You didn't know what you were in for in the Bath Priory.
In the hotel, the clocks stopped long ago - it's an image of perfect Englishness preserved in time. It's more a mansion than a hotel (which, from 1835 until 1994, it was) with only 27 individually decorated rooms. And it's actually located slightly outside of the city centre in the middle of four acres of beautifully landscaped gardens.
You couldn't afford to put your grandparents up for the night. Standard rates even at off-peak times start at £245 ($510) and go up to £360 ($720) for a real old four-poster bed and dressing room experience. The bill would have given your granddad a heart attack.

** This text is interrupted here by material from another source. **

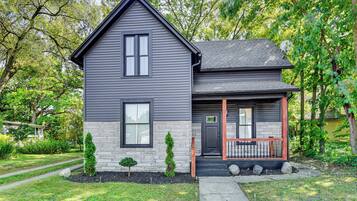 House (3 Bedrooms) | Front of property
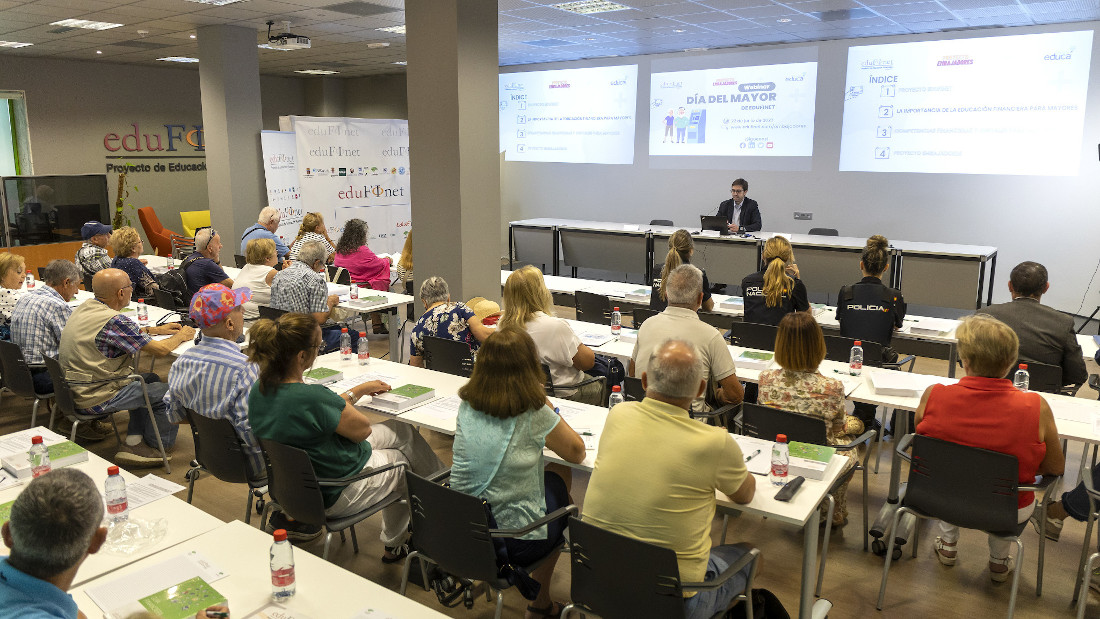 El Proyecto Edufinet impulsa la inclusión financiera y digital de personas mayores a través de la iniciativa ‘Embajadores de Edufinet’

But you took them for lunch in the Michelin-starred restaurant with its stiff, clipped waiters, snow-white tablecloths and a white list as long as the Complete Works of Shakespeare. The Head Chef Christ Horridge offers wine-tasting courses and serves elegant, British cuisine with a French twist - an influence courtesy of his former tutor Raymond Blanc.
The vegetables and herbs come from - oh! do these things exist any more? - the organic Victorian Kitchen Garden at the side of the mansion. It's cultivated by a lady who wins awards at the Chelsea Flower Show.
She runs flower- and vegetable-growing courses in summer that are the highlight of the year for hatted, booted ladies. It was probably her who decided that all the rooms should be named after a different flower. The Britishness of the place is surreal.
The Bath Priory is the place to come to propose to your beloved, to celebrate your anniversary or graduation, or - if you're stinking rich - to get away from it all for the weekend.
The health spa is one of the best around - sauna, steam room, massage parlours, a solarium and (small) heated indoor and outdoor pools. Only hotel guests can use the facilities, but anyone (smartly dressed and with the correct accent) can come for afternoon tea.
With cucumber sandwiches. No, we're not joking.